3. Aux termes de l'article L. 551-15 du code de l'entrée et du séjour des étrangers et du droit d'asile : " Les conditions matérielles d'accueil peuvent être refusées, totalement ou partiellement, au demandeur dans les cas suivants : / (...) / 3° Il présente une demande de réexamen de sa demande d'asile ; / (...) / La décision de refus des conditions matérielles d'accueil prise en application du présent article est écrite et motivée. Elle prend en compte la vulnérabilité du demandeur ". Aux termes de l'article L. 522-1 du code de l'entrée et du séjour des étrangers et du droit d'asile : " A la suite de la présentation d'une demande d'asile, l'Office français de l'immigration et de l'intégration est chargé de procéder, dans un délai raisonnable et après un entretien personnel avec le demandeur d'asile, à une évaluation de la vulnérabilité de ce dernier afin de déterminer, le cas échéant, ses besoins particuliers en matière d'accueil. Ces besoins particuliers sont également pris en compte s'ils deviennent manifestes à une étape ultérieure de la procédure d'asile. Dans la mise en œuvre des droits des demandeurs d'asile et pendant toute la période d'instruction de leur demande, il est tenu compte de la situation spécifique des personnes vulnérables. / Lors de l'entretien personnel, le demandeur est informé de sa possibilité de bénéficier de l'examen de santé gratuit prévu à l'article L. 321-3 du code de la sécurité sociale ". Aux termes de l'article R. 522-2 du même code : " Si, à l'occasion de l'appréciation de la vulnérabilité, le demandeur d'asile présente des documents à caractère médical, en vue de bénéficier de conditions matérielles d'accueil adaptées à sa situation, ils sont examinés par un médecin de l'Office français de l'immigration et de l'intégration, qui émet un avis ". Il résulte de ces dispositions que tout demandeur d'asile doit bénéficier, lors de la présentation de sa première demande d'asile, d'un entretien personnel destiné à évaluer sa vulnérabilité. En revanche, lorsque l'OFII statue sur une demande d'octroi des conditions matérielles d'accueil présentée à la suite d'une demande de réexamen de demande d'asile, s'il lui appartient d'apprécier la situation particulière du demandeur d'asile au regard notamment de sa vulnérabilité, les dispositions de l'article L. 522-1 du code ne lui imposent pas de mener un nouvel entretien avec le demandeur d'asile.

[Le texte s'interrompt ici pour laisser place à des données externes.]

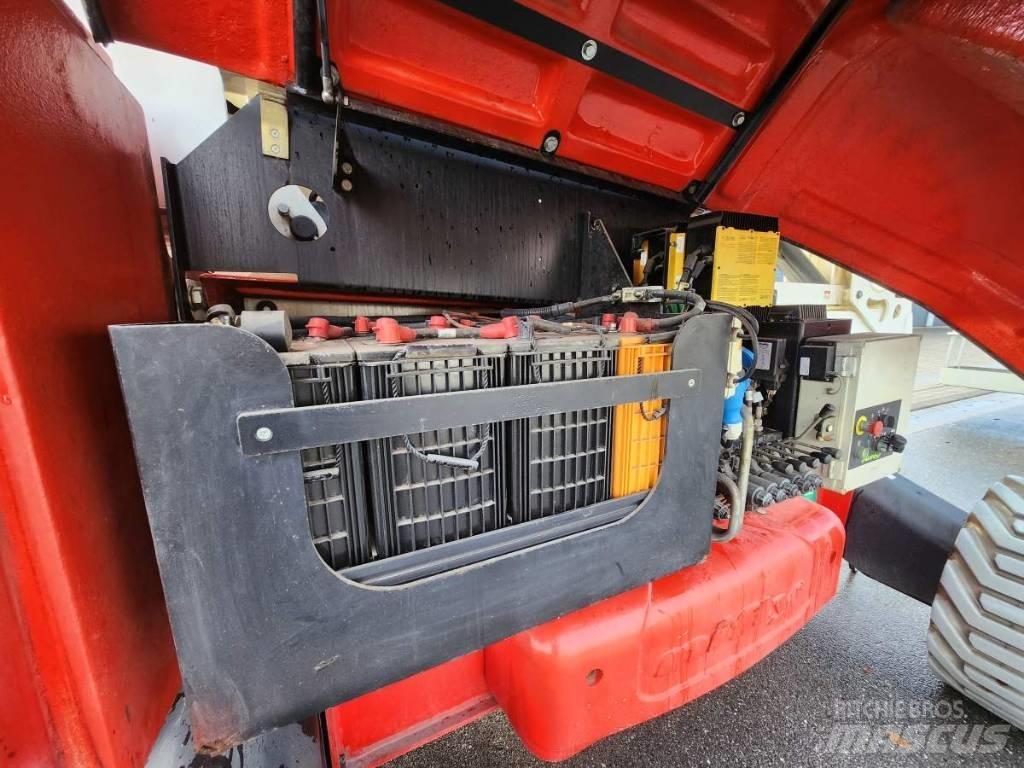 Niftylift HR 28 曲臂高空工作平台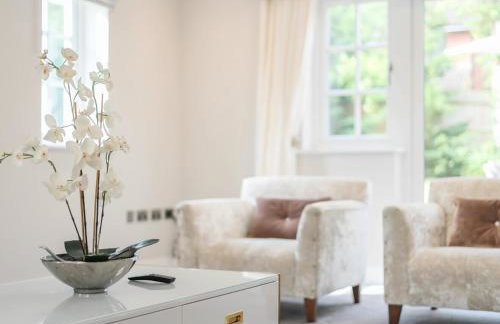 Large Comfortable & Private Home in Fetcham - Pass the Keys - Foto 6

4. Il ne ressort pas des pièces du dossier que le directeur de l'OFII se serait cru en situation de compétence liée pour refuser l'octroi des conditions matérielles d'accueil du fait de l'introduction d'une demande de réexamen et qu'en particulier il se serait refusé à examiner la situation de vulnérabilité du requérant. A cet égard, les certificats médicaux produits par le requérant à l'appui de son recours préalable se bornaient à rappeler l'intervention chirurgicale dont il avait bénéficié le 24 septembre 2021, cette situation ayant déjà été examinée au cours de l'entretien initial du 12 juin 2018, puis au cours d'un nouvel examen le 1er septembre 2021, et n'ayant pas évolué, l'administration a pu sans méconnaître les dispositions de l'article R. 522-2 du code de l'entrée et du séjour des étrangers et du droit d'asile, s'abstenir de soumettre ces documents pour avis au médecin de l'Office. S'il ressort ainsi des pièces du dossier que M. A... a subi une intervention chirurgicale le 24 septembre 2021, il n'est toutefois pas établi que cette opération, dont la nature n'est au demeurant pas précisée, caractériserait une situation de particulière vulnérabilité. Par ailleurs, les certificats médicaux produits, qui attestent seulement de la réalisation de cette opération, sont insuffisants pour établir l'existence d'une situation de vulnérabilité liée à l'état de santé du requérant. Dès lors, M. A... n'est pas fondé à soutenir que la décision litigieuse méconnaîtrait les dispositions ci-dessus rappelées, ni qu'elle serait entachée d'une erreur manifeste dans l'appréciation de sa situation personnelle.

5. Il y a lieu d'écarter les moyens tirés de l'incompatibilité du code de l'entrée et du séjour des étrangers et du droit d'asile avec les dispositions de la directive n° 2013/33/UE, ci-dessus visée, par les mêmes motifs que ceux retenus à juste titre par les premiers juges.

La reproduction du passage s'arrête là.